QUESTION: I filed a provisional application almost one year ago, so it will soon be expiring. I'm not sure what are the next steps for my patent protection in the US and in foreign countries. What should I do?
ANSWER: You can consider re-filing your provisional patent application or filing a non-provisional patent application.
A US provisional patent application gives you patent pending status for one year. During the one year period, you can mark your product or process as patent pending. However, during the one year period, you do not have patent rights that enable you to stop a patent infringer.
If, during the one year period, you have NOT found that there is a significant market for your product or process, but still want to try to develop your market, one option is to refile your provisional patent application to obtain another year of patent pending status.
Your refiled provisional application can include changes or improvements to your product or process. More details about your original idea can be added.

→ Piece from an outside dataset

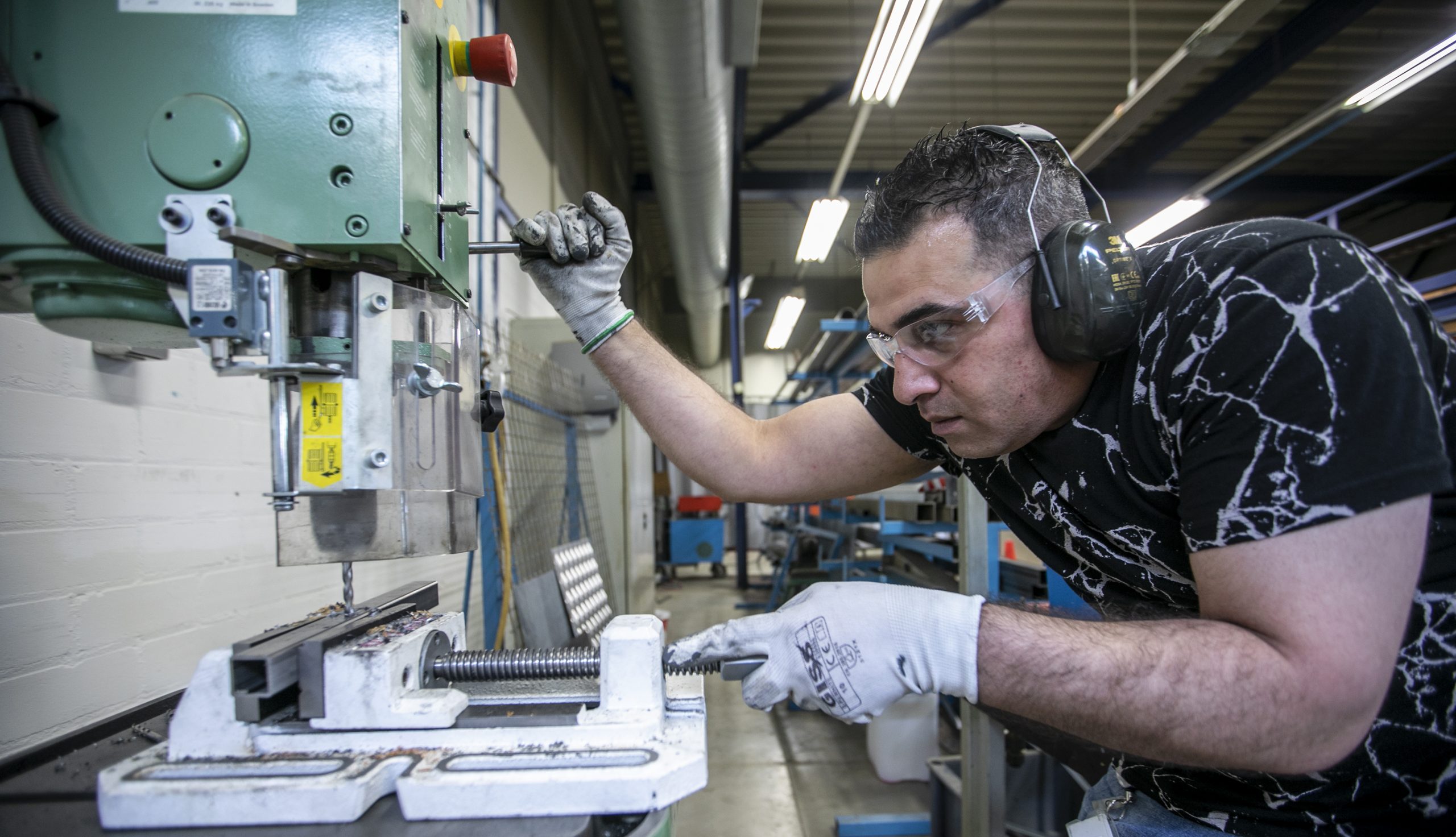 Een collega is bezig met boren. Hij draagt beschermingsmiddelen en kijkt geconcentreerd voor zich uit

Generally, including more specifics about your invention is better than fewer specifics. One reason is that the law requires your patent application to have enough detail to enable another person to make and use your invention.
But a disadvantage to refiling a provisional patent application is that you receive a new filing date which is later in time than your original filing date. Having an early filing date is important because a patent is awarded to the person who first filed the patent application.
Therefore, when you refile your patent application, you might be losing up to one year in filing priority.
On the other hand, if you been successful in selling your product or process during the past one year, you can convert your provisional patent application into a US non-provisional patent application.
What is meant by "convert" is that you can use your provisional application and modify it to meet the additional legal requirements of a non-provisional application. Some of those additional requirements may include descriptions of your drawings, an abstract of your invention, and claims that define the legal boundaries of your patent coverage.
By converting your provisional and filing a non-provisional, you then have the opportunity to obtain an issued patent. Your issued patent can then by used to prevent others from stealing your idea and stop patent infringement.
Again, if you have had success during the past year, you can file for patent protection in foreign countries. Those foreign patent applications can be based on your provisional patent application.